What is being asked:
Pictures in the data below are not part of the copy; transcribe everything else exactly.

Dataset section:
= = = = =

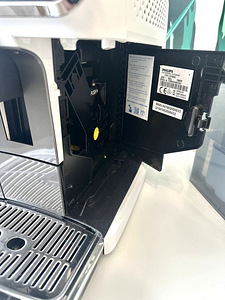 Kohvimasin Philips 5500 seeria EP5545 / 70 (4 foto / 4)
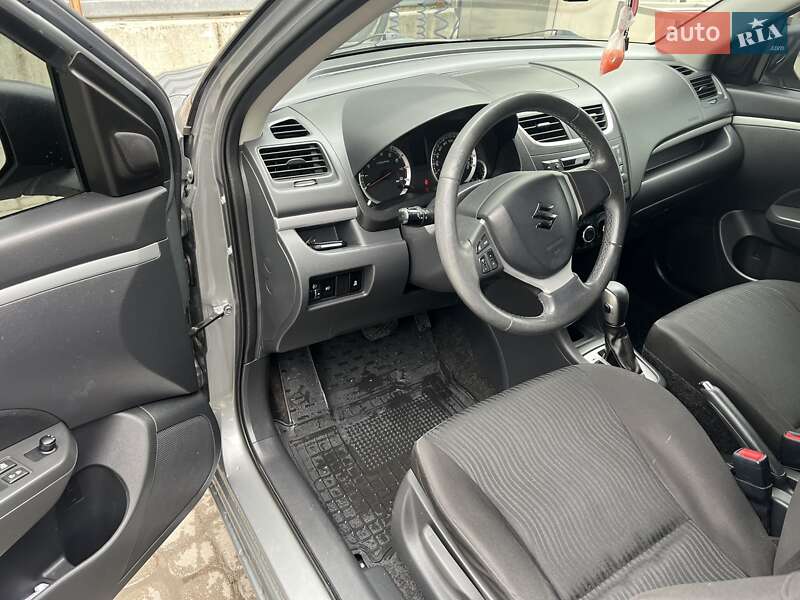 Хэтчбек Suzuki Swift 2011 в Львове
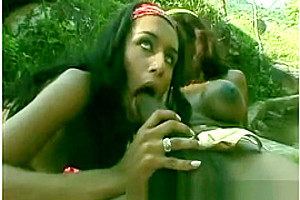 dark Sthis manmales outdoors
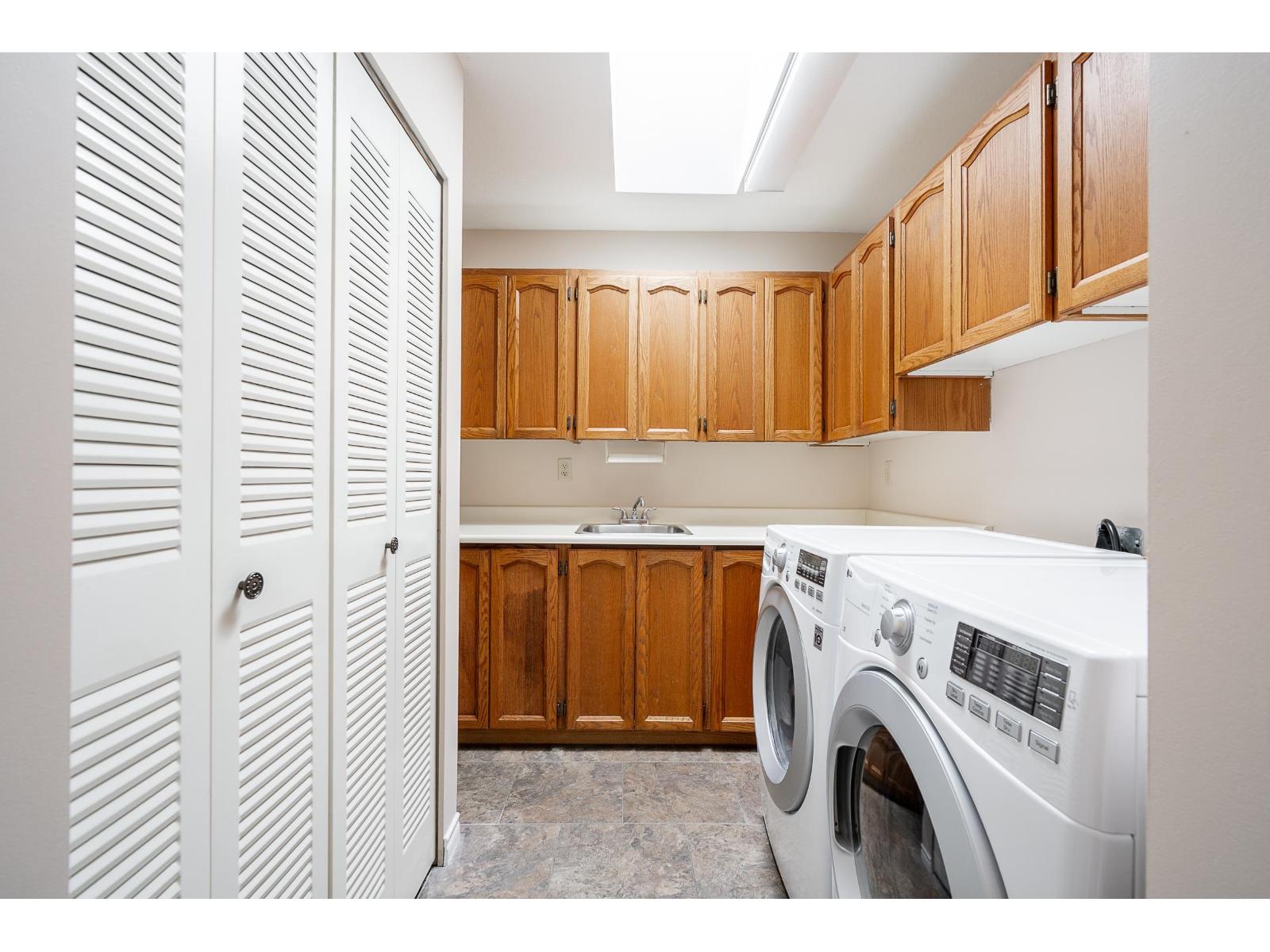 64 1400 164 Street Property Photo 20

= = = = =

Exercise answer:
 Kohvimasin Philips 5500 seeria EP5545 / 70 (4 foto / 4)
 Хэтчбек Suzuki Swift 2011 в Львове
 dark Sthis manmales outdoors
 64 1400 164 Street Property Photo 20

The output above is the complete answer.